Avant chaque saison, il crée lui-même le calendrier de manière à le rendre intéressant le plus longtemps possible ; sa tactique est de faire s’affronter les équipes de même niveau dès le début pour que les différences ne soient visibles qu’à la fin. Lorsqu’il se rend compte de la disparité de revenus entre les équipes, il parvient à convaincre les propriétaires de mettre en place un système de revenus partagés pour aider les équipes dans les marchés plus restreints. Lorsqu’il voit que les Los Angeles Rams ont du mal à remplir leur stade, il invente la règle du blackout télévisuel qui interdit la diffusion d’un match de l’équipe locale.

Il commet néanmoins quelques erreurs : en 1956, la ligue perd le procès Radovich vs NFL, intenté par William Radovich suite à son éviction de la NFL pour avoir joué en AAFC. L’avenir des joueurs en fin de contrat est un sujet épineux qui revient sur le tapis et qui pousse la création de la National Football League Players Association (NFLPA), l’association des joueurs NFL. Bell la reconnaît et accepte de négocier avec elle, mais sans en informer les propriétaires qui sont furieux ; un compromis est finalement trouvé.

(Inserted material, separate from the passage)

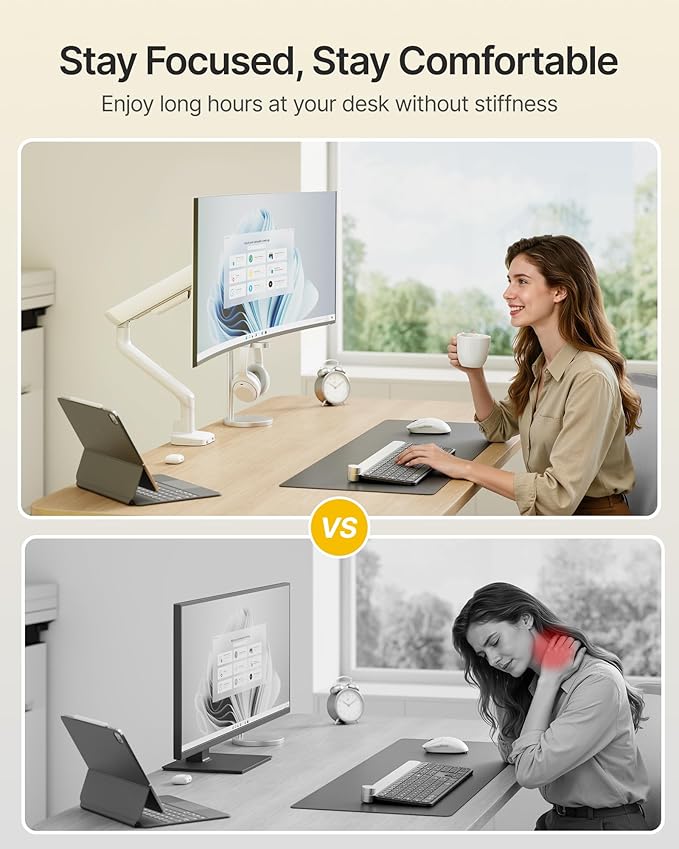 monTEK Single Monitor Arm with USB, Mechanical Spring Monitor Arm for 17-40" Screens, Adjustable Monitors Desk Mount Holds up to 24.2 lbs with C Clamp/Grommet Desk Mount, VESA 75/100mm, MA1011UCWH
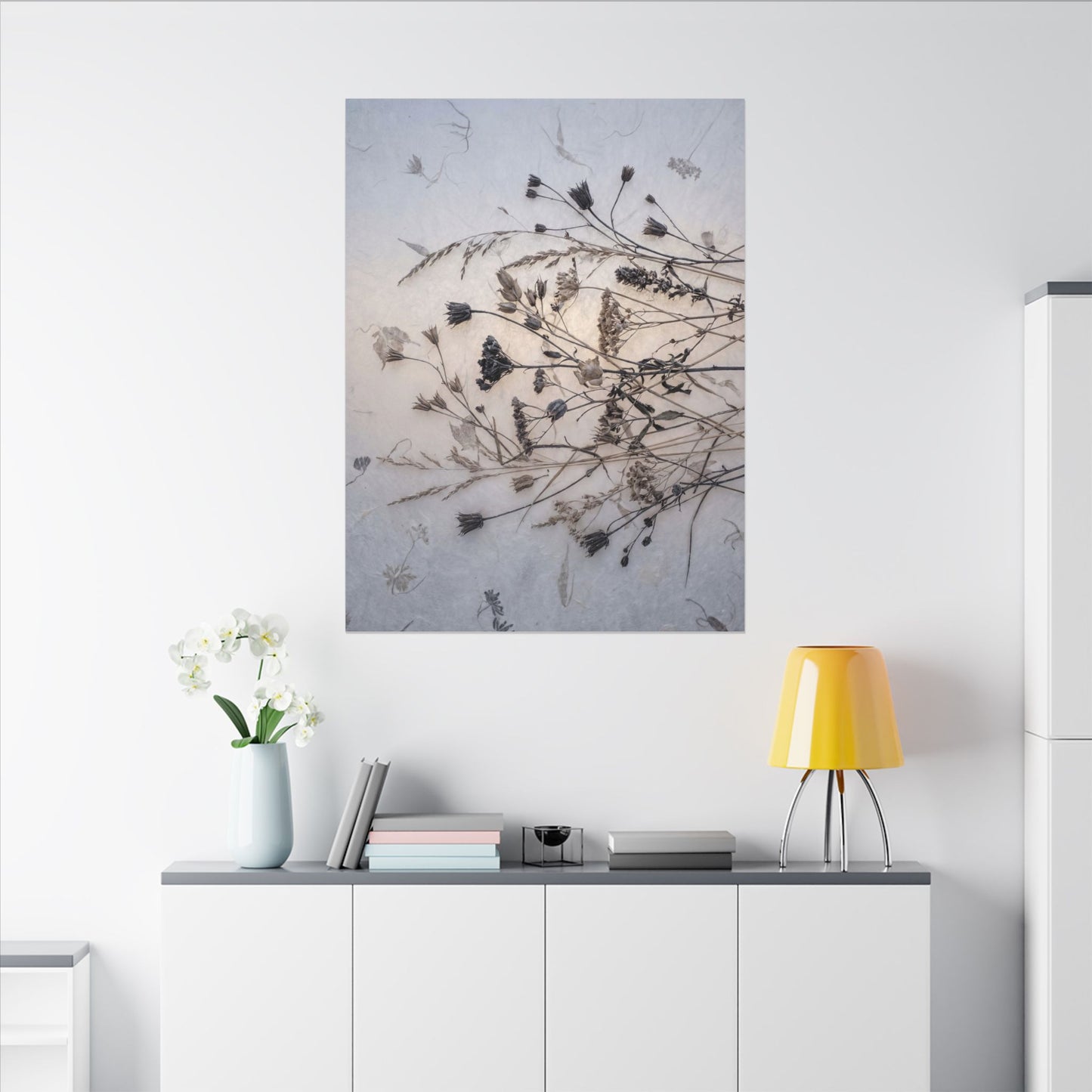 Elegant Dried Flowers Canvas Art - Japanese Pattern Japandi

En 1958, Bell voit l’accomplissement de tout son travail : la finale NFL est un parterre de stars avec 17 futurs Hall Of Famers entre les Baltimore Colts et les New York Giants. C’est non seulement le premier match retransmis à la télévision nationale, mais c’est également le premier match à aller en prolongations à la mort subite ; encore une règle que le Commissioner avait poussé à adopter. Lorsque Baltimore remporte The Greatest Game Ever Played dans un final d’anthologie, il sait que la combinaison entre la dramaturgie du football et l’impact de la télévision n’est qu’au début de son essor, et qu’il a probablement permis aux joueurs de poser une des pierres les plus importantes du football aux États-Unis.

Quelques mois plus tard, en février 1959, la mort de son ami Tim Mara lui fait un choc et il subit une crise cardiaque dont il réchappe. Le 11 octobre, il s’installe à Franklin Field pour assister à un match de « ses » Eagles contre « ses » Steelers. En plein milieu du dernier quart-temps du derby de Pennsylvanie entre les deux équipes dont il a été le propriétaire, une deuxième crise cardiaque le foudroie ; il décède plus tard dans la journée. C’est l’abattement en NFL : si Joe Carr a été vital pour l’organisation et la survie de la NFL dans ses premières heures et pendant la Grande Dépression, Bell a été vital pour la consolider et lui faire traverser l’après-guerre, avec cette ouverture fantastique sur l’extérieur que représente la télévision ; un domaine dans lequel son successeur Pete Rozelle ne va pas tarder à s’engouffrer (après un court intérim d’Austin Gunsel).

Quatre ans plus tard, la NFL ouvre son Hall Of Fame à Canton, et il est évident que De Benneville Bell est un des premiers noms placés sur la liste des 17 immortels de la classe inaugurale ; après des tâtonnements pour trouver sa carrière, il n’aura eu de cesse de rendre la ligue toujours plus paritaire pour assurer sa popularité.